_Work to complete_
The entries should be given again in full. Alter nothing.

START Records for the exercise

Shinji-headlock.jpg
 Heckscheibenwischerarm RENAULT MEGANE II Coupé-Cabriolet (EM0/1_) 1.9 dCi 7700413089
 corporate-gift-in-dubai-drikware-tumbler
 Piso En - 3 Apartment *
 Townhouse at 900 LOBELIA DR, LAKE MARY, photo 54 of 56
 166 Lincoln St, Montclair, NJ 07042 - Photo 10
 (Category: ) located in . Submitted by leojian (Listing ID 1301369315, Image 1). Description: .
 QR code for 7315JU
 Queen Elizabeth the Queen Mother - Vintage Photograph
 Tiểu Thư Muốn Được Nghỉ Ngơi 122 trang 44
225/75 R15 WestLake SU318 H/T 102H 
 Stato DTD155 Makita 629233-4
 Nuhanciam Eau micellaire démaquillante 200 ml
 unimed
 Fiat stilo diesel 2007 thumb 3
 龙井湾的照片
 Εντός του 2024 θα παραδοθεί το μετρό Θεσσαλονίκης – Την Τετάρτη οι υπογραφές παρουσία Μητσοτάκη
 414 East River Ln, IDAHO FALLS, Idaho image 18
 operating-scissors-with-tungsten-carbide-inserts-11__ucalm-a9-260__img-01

END Records for the exercise

_Solution for this problem_
Shinji-headlock.jpg
 Heckscheibenwischerarm RENAULT MEGANE II Coupé-Cabriolet (EM0/1_) 1.9 dCi 7700413089
 corporate-gift-in-dubai-drikware-tumbler
 Piso En - 3 Apartment *
 Townhouse at 900 LOBELIA DR, LAKE MARY, photo 54 of 56
 166 Lincoln St, Montclair, NJ 07042 - Photo 10
 (Category: ) located in . Submitted by leojian (Listing ID 1301369315, Image 1). Description: .
 QR code for 7315JU
 Queen Elizabeth the Queen Mother - Vintage Photograph
 Tiểu Thư Muốn Được Nghỉ Ngơi 122 trang 44
225/75 R15 WestLake SU318 H/T 102H 
 Stato DTD155 Makita 629233-4
 Nuhanciam Eau micellaire démaquillante 200 ml
 unimed
 Fiat stilo diesel 2007 thumb 3
 龙井湾的照片
 Εντός του 2024 θα παραδοθεί το μετρό Θεσσαλονίκης – Την Τετάρτη οι υπογραφές παρουσία Μητσοτάκη
 414 East River Ln, IDAHO FALLS, Idaho image 18
 operating-scissors-with-tungsten-carbide-inserts-11__ucalm-a9-260__img-01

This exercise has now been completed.